Audio: aec: optimize acoustic echo cancellation processing

This check-in introduces performance optimization modifications to the audio Echo Cancellation (AEC) implementation. The enhancements primarily focus on refining loop structures and memory copy operations to ensure more efficient use of cycles.

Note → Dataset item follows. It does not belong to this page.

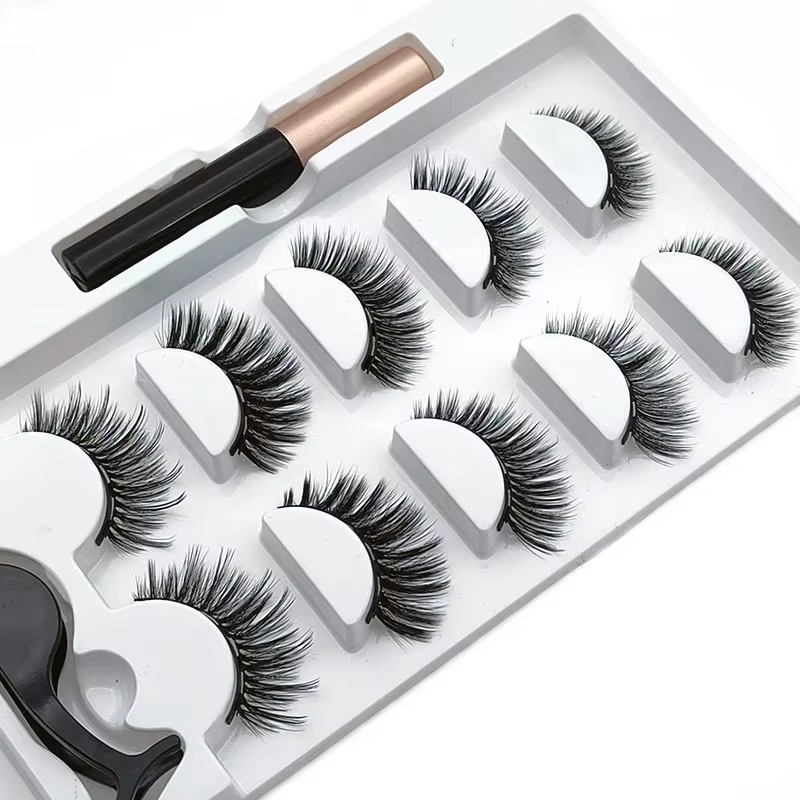 Ensemble de 5 paires de faux cils magnétiques avec eye-liner liquide magnétique, facile à porter, sa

Signed-off-by: shastry <[email protected]>
thesofproject · Feb 26, 2024 · cfd021f · cfd021f
1 parent 3681e09
commit cfd021f
Show file tree

Hide file tree

Showing 2 changed files with 266 additions and 86 deletions.

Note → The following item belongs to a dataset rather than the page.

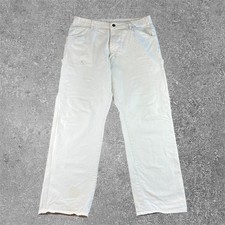 Dickies Painter Pants White Natural Canvas Utility Carpenter Mens 34x30 Distress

diff --git a/src/audio/google/google_rtc_audio_processing.c b/src/audio/google/google_rtc_audio_processing.c
@@ -42,6 +42,11 @@
 #define GOOGLE_RTC_AUDIO_PROCESSING_FREQENCY_TO_PERIOD_FRAMES 100
 #define GOOGLE_RTC_NUM_INPUT_PINS 2
 #define GOOGLE_RTC_NUM_OUTPUT_PINS 1
+#define ERR_INVALID_REF -1
+#define ERR_MEMCPY_FAIL -2
+#define ERR_INVALID_SRC -3
+#define ERR_INVALID_DST -4
+
 
 LOG_MODULE_REGISTER(google_rtc_audio_processing, CONFIG_SOF_LOG_LEVEL);
 
@@ -791,7 +796,6 @@ static int google_rtc_audio_processing_process(struct processing_module *mod,
 	size_t dst_buf_size;
 
 	size_t num_of_bytes_to_process;
-	size_t channel;
 	size_t buffer_offset;
 
 	struct sof_source *ref_stream, *src_stream;
@@ -822,23 +826,66 @@ static int google_rtc_audio_processing_process(struct processing_module *mod,
 	/* 32float: de-interlace ref buffer, convert it to float, skip channels if > Max
 	 * 16int: linearize buffer, skip channels if > Max
 	 */
+	/* Reduce cycle waste by streamlining the inner loop,
+	 * converting from array indexing to pointer arithmetic,
+	 * and putting data copy verification outside the loop.
+	 */
 	buffer_offset = 0;
-	for (int i = 0; i < cd->num_frames; i++) {
-		for (channel = 0; channel < cd->num_aec_reference_channels; ++channel) {
+	const int16_t *ref_end = ref + cd->num_frames * cd->num_aec_reference_channels;
+
+	/* Check if the calculated end of the reference buffer exceeds the actual end
+	 * of the buffer
+	 */
+	if (ref_end >= (const int16_t *)ref_buf_end)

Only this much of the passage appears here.